Aspirasionline.com – Penentuan derajat manusia dari warna kulitnya, berujung pada kebijakan politik yang santer terdengar ditelinga: politik Apartheid. Singkatnya, bentuk praktik politik apartheid ini menerapkan sistem pemisahan ras yang dilegalkan. Apartheid inilah yang menjadi landasan penggarapan film yang disutradarai oleh Theodore Melfi dengan judul Hidden Figures, diproduksi 2016 lalu.
Film yang diadaptasi dari sebuah kisah nyata ini mengisahkan tentang peluncuran Friendship 7 – roket Amerika pertama yang diterbangkan oleh National Aeronautics and Space Administration (NASA) pada tahun 1962. Seperti judulnya, film ini fokus pada sosok-sosok tersembunyi yang berperan penting dalam perencanaan dan persiapan peluncuran serta pendaratan roket tersebut.
Sosok tersembunyi itu merupakan tiga orang wanita jenius berkulit hitam. Sosok “ras kulit hitam” menjadikan mereka sebagai kaum minoritas di Negeri Paman Sam, dan sosok “wanita” melekatkan mereka kepada kaum minoritas di dalam NASA. Ditambah, saat itu, perempuan kurang mendapat perhatian akan kesetaraan hak-nya.
Bagian dari sebuah kaum minoritas inilah yang membawa mereka ke dalam miniatur neraka dengan para iblis yang menguasai mereka.
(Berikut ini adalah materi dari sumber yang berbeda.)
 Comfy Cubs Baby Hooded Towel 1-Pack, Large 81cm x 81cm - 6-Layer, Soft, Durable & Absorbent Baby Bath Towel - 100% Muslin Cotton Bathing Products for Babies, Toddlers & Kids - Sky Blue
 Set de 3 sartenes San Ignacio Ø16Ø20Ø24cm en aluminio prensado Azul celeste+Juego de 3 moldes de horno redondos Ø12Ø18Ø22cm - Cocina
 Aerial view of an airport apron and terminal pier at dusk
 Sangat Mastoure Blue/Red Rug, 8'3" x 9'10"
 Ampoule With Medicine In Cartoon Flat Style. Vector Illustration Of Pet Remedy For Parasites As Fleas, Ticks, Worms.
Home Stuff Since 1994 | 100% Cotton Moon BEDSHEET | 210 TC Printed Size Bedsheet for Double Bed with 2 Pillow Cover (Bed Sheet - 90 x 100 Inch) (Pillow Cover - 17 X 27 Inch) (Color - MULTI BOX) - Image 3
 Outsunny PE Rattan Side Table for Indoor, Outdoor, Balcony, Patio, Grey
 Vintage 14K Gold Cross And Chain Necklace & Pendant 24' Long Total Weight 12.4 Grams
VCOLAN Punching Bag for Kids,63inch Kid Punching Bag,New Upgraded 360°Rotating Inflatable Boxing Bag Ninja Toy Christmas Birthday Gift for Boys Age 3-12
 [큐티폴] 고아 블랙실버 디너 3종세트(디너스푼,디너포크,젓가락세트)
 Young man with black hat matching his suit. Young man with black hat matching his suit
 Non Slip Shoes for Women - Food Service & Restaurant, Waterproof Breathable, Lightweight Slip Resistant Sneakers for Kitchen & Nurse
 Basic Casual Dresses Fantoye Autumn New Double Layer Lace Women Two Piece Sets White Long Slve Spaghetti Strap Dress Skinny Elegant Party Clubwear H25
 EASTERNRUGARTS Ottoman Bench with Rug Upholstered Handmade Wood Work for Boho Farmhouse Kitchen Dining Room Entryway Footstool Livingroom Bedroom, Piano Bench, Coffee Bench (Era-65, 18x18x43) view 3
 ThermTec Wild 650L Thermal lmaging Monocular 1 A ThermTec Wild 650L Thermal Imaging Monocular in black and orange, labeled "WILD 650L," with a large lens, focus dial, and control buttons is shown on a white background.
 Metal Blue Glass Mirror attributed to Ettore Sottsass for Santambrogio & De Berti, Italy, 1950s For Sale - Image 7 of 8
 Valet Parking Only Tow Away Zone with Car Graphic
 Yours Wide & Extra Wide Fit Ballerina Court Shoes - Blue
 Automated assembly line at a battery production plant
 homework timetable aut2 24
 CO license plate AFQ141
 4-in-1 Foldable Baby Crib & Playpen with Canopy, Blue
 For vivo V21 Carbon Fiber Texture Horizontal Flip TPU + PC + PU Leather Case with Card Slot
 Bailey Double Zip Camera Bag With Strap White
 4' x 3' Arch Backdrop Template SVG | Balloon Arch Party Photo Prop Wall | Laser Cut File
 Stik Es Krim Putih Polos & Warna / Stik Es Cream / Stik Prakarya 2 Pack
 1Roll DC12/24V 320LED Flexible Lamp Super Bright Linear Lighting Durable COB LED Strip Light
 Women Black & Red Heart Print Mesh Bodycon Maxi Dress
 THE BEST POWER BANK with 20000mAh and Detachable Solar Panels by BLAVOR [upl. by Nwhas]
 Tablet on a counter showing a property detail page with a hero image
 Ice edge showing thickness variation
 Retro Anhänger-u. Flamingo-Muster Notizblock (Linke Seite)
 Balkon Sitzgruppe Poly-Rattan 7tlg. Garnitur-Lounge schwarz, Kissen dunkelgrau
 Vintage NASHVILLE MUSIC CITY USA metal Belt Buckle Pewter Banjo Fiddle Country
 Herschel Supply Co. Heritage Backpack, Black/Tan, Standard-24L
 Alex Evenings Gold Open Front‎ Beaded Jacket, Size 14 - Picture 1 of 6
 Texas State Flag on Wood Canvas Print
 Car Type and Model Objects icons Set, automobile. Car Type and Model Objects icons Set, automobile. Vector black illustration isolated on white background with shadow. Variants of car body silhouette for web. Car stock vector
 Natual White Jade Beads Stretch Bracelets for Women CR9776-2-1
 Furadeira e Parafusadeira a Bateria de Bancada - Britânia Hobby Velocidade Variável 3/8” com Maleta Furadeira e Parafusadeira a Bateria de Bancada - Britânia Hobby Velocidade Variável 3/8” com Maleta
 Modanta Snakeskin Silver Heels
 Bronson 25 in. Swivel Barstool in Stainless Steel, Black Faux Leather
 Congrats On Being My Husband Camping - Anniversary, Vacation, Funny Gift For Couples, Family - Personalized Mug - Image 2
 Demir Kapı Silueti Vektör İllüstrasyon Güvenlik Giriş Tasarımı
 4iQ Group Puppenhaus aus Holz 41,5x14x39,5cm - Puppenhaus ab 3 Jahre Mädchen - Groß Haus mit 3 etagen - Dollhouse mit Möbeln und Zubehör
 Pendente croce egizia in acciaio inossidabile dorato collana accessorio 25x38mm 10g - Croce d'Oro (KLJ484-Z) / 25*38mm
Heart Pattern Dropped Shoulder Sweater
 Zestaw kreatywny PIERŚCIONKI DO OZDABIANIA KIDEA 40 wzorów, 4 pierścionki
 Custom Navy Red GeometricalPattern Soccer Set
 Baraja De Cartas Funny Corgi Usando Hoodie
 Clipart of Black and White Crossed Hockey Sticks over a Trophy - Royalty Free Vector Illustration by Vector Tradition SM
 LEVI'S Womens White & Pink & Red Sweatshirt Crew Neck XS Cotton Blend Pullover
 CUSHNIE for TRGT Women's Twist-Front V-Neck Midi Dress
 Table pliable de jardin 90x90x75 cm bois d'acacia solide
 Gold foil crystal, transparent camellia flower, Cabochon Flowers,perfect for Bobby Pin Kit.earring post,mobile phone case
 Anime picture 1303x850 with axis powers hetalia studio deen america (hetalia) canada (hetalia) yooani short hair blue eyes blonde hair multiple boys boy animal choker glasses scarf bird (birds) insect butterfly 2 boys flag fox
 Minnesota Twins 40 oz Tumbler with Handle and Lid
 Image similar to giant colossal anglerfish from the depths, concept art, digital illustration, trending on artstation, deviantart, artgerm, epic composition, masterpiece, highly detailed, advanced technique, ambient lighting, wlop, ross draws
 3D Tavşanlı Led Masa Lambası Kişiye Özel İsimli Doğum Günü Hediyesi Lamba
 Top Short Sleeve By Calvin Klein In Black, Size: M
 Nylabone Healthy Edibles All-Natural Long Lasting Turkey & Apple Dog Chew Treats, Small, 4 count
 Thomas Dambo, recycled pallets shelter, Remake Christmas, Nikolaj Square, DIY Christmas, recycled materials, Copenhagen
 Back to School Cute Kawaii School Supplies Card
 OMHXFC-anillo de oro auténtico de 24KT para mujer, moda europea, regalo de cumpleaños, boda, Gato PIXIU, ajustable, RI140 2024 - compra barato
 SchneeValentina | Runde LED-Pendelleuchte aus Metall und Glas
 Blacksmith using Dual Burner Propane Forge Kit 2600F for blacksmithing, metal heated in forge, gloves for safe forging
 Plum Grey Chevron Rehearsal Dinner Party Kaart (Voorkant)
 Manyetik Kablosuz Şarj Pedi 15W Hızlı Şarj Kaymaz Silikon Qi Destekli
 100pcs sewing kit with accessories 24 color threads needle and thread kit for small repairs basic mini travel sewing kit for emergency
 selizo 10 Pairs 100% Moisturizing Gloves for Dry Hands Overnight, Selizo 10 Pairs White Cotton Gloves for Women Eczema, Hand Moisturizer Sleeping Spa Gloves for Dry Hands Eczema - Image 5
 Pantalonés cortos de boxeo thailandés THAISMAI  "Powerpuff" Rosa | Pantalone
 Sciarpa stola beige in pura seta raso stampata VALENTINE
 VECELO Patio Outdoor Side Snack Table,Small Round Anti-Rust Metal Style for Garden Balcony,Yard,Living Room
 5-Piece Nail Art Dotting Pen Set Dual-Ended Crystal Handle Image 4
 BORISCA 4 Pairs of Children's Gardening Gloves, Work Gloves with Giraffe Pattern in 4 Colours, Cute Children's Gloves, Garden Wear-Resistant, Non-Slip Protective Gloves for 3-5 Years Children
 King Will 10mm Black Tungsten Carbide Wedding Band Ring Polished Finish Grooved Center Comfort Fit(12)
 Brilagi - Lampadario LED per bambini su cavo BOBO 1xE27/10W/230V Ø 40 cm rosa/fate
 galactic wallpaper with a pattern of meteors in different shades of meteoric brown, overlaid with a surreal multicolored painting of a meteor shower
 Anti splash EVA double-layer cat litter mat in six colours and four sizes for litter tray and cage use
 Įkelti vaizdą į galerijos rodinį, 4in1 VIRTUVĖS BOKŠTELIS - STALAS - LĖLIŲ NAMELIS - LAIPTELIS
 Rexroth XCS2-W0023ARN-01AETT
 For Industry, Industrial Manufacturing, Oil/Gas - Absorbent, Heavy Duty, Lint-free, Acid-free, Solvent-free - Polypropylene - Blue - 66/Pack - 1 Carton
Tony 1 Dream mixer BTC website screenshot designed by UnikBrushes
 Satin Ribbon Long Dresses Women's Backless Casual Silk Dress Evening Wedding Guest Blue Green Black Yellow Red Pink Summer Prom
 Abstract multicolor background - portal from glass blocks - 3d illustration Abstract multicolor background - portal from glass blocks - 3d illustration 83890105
Setiap ketiga wanita ini memiliki permasalahan pelik yang berbeda dalam bergumul di bidangnya masing-masing demi suksesnya peluncuran roket Friendship 7.
Rendahnya kesetaraan hak atas ras kulit hitam di Amerika pada saat itu membuat tiga wanita negro ini dikucilkan. Didalam kantornya, mereka tak diperkenankan untuk menggunakan toilet sebagaimana kaum kulit putih lainnya. Bahkan, termos di ruangan yang disediakan untuk karyawan pun , tidak berlaku bagi ketiga wanita tersebut.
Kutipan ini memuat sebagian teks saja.